The people, including a mixed multitude, begin to leave.  They had their unleavened dough as well as riches from the Egyptians.  Perhaps Moshe and Aharon asked for and received riches from Pharaoh himself.  They were being driven from Egypt (vs. 39) from all outward appearances.  However, it has already been stated by the Almighty that “...I shall take the Children of Yisra’el out from among them” (Ex. 7:5b).  He takes them about 35 miles from Rameses to Succoth.  Succoth means “booths, cottages, coverts, pavilions, tabernacles, and tents.  How fitting that the yet to be announced festival of Sukkot is to remember the Exodus from Egypt.

How fitting and G-d-like it is that this date of departure is the 430th anniversary of its presentment to Abraham, as well as the 405th anniversary of Isaac’s birth and the 400th anniversary of his weaning.

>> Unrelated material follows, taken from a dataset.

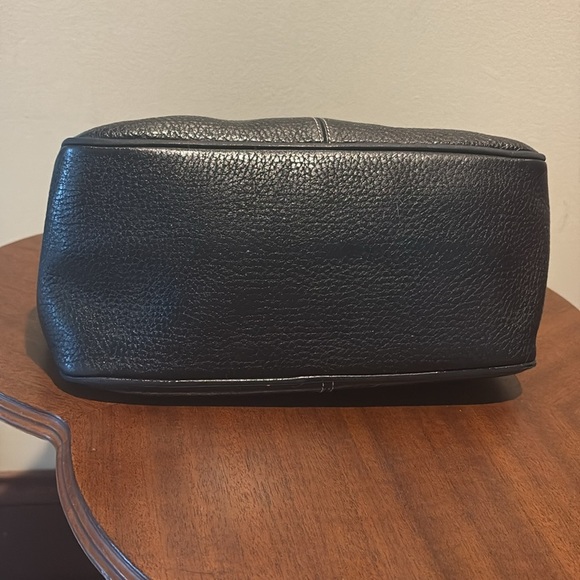 Dooney Bourke satchel shoulder bag black pebbled leather/ smooth brown trim - Picture 5 of 16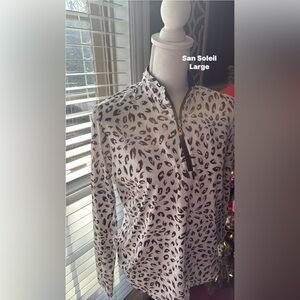 San Soleil Leopard Print Quarter-Zip Top large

The end of chapter 12 is a rehashing of the pesach offering commands, which also includes the provisions for the people’s slaves, sojourners, hired hands, and proselytes.  Chapter 13 begins with the requirement that all the firstborn, man and beast, are to be sanctified to G-d.  Why the firstborn?  As it says in the final two verses of Exodus 13, “And it happened when Pharaoh stubbornly refused to send us out, that HaShem killed all the firstborn in the land of Egypt, from the firstborn of man to the firstborn of beast.  Therefore I offer to HaShem all male first issue of the womb, and I shall redeem all the firstborn of my sons.  And it shall be a sign upon your arm, and an ornament between your eyes, for with a strong hand HaShem removed us from Egypt.”  YHWH told them to go, and they went!